Howie Lee is now, indisputably, an international name. The Beijing-born producer received his MA in Sound Art from the University of the Arts London in 2013 and pushed that personal milestone into a massive 2015. Last year, Lee toured the US behind an appearance at music industry conference South by Southwest, following that up with a headlining slot at Shambala Festival in the UK. At home, he relaunched Do Hits, the party brand he co-founded in 2011 with Guzz, Billy Starman and Sulumi, into a prolific net-label. The four compilations that Do Hits has released since rebranding last June have introduced a dozen-odd previously unknown Chinese producers, garnering waves of media attention in the process.

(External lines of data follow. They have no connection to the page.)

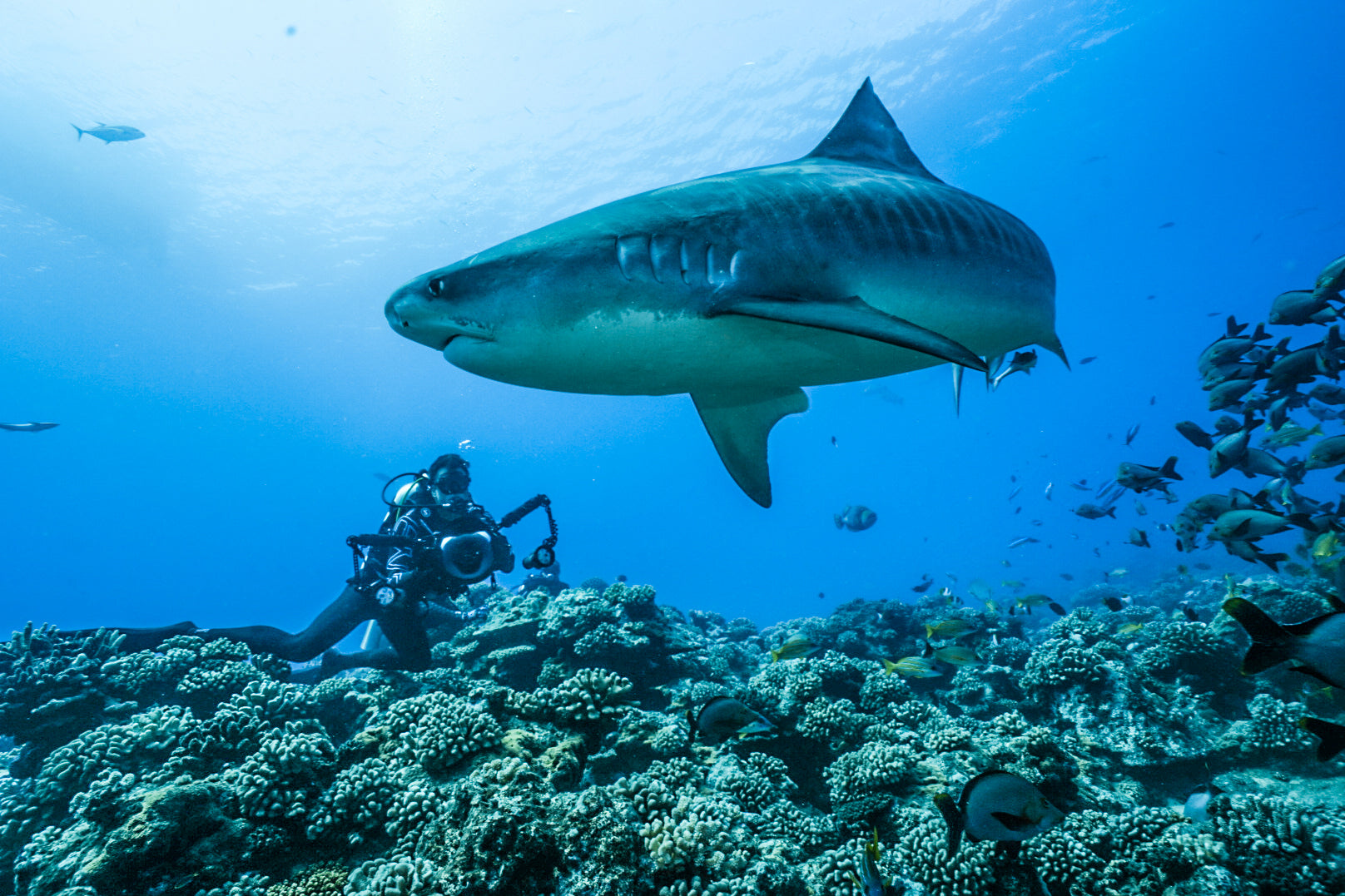 Justin with a Tiger Shark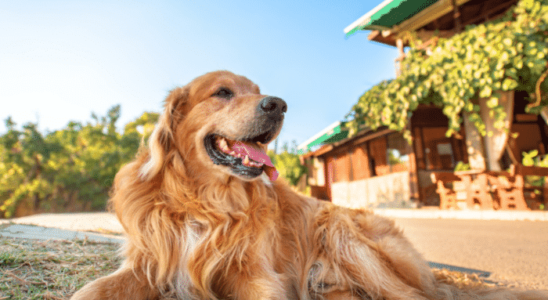 Raça Golden Retriever - Inteligentes, obedientes e cheios de energia.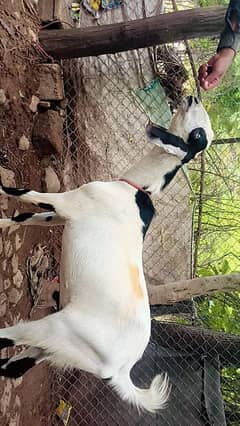 Qurbani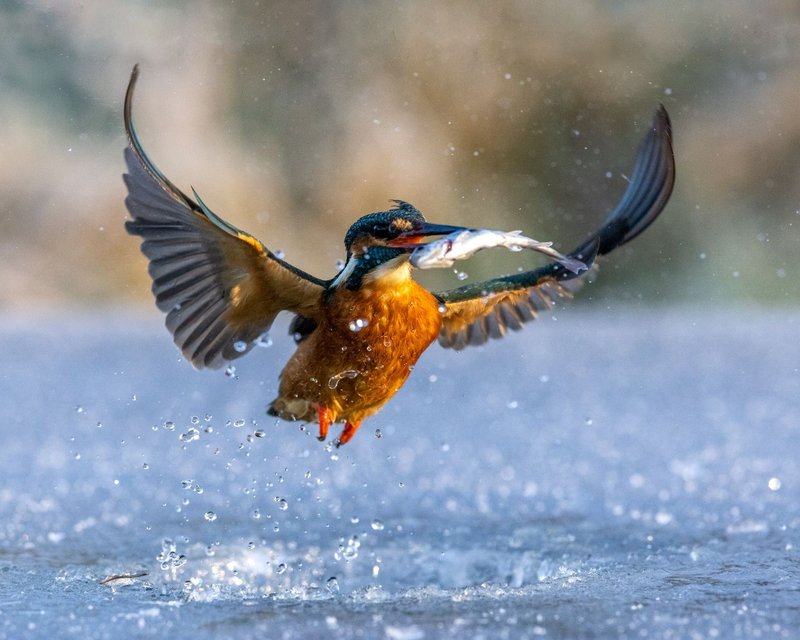 Ice fishing live, ice fishing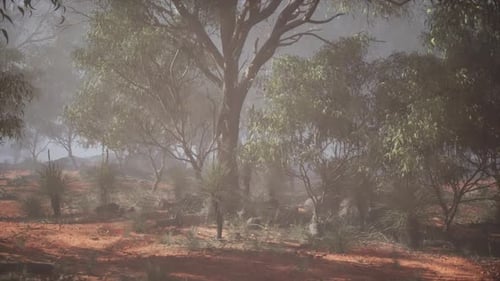 Misty Forest Filled With Trees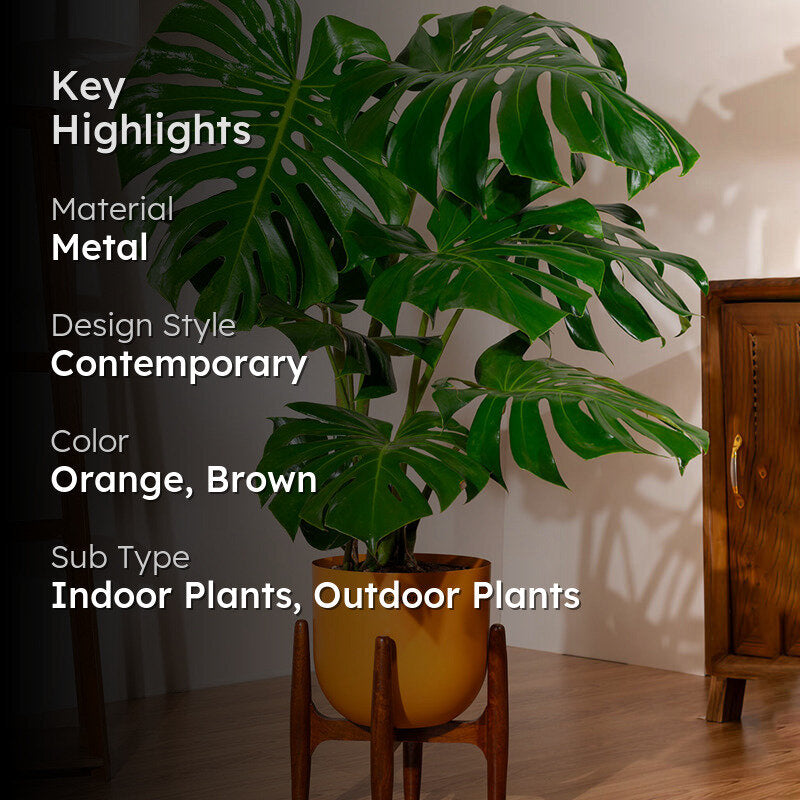 Kyari Monstera Deliciosa Plant With Metal Self Watering Pot (Orange) media 2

On top of all that, Lee quietly released his debut full-length, Mù Chè Shān Chū, on Los Angeles label Alpha Pup Records last December. The album gets its official, offline release this month, with an audio-visual show reflecting Lee’s maturation as an artist in multiple media. Visually, the release event will show off his newly acquired skills as a 3D-video animator, utilising motion-capture Kinect technology to generate retro-futuristic visuals along with Lee’s beats in real time. Sonically, the live presentation of Mù Chè Shān Chū demonstrates a renewed focus on improvisation, with percussionist Zhang Yang performing live alongside Lee.

Lee’s development as an artist has run in parallel with his growing ambition as a figurehead for the underground throng he represents. Do Hits’ rebirth as a label is an attempt to galvanise China’s nascent bedroom production scene into a coherent movement, unifying a stream of virtual unknowns under its banner. ‘They’ve been really active on the internet, on Weibo and on Xiami,’ Lee says of the new class of producers that Do Hits is recruiting, most of whom were born after 1990. ‘They comment on each other’s tracks, start following each other; most don’t meet in person.’

This online community parallels those created by Western music streaming sites like SoundCloud, a platform intermittently blocked inside Mainland China. The growing popularity of Chinese online networks for sharing music and ideas is one reason for the recent explosion in productivity that Do Hits is tapping. Lee also credits easy access to software such as Ableton Live, an industry standard for electronic music production, for the recent spate of homegrown Chinese beats. Producer Jason Hou, a recent Do Hits find himself, has been charged with collecting music from emerging online producers and running quality control as mastering engineer.

Howie Lee

The goal for Do Hits as label is hard to pinpoint geographically. On one hand, it aims to bolster the local production scene; on the other, it wants to propel this scene internationally. ‘It goes hand in hand,’ says Lee. ‘If you grow your local scene enough, outsiders definitely will see it.’ Much of Lee’s time is spent leveraging his international success to shine light on Mainland artists that don’t have the same profile or experience. Thanks partly to his influence, Do Hits artists were recently featured on London music discovery service 22 Track, as well as online music magazine Hypetrak and other Western blogs.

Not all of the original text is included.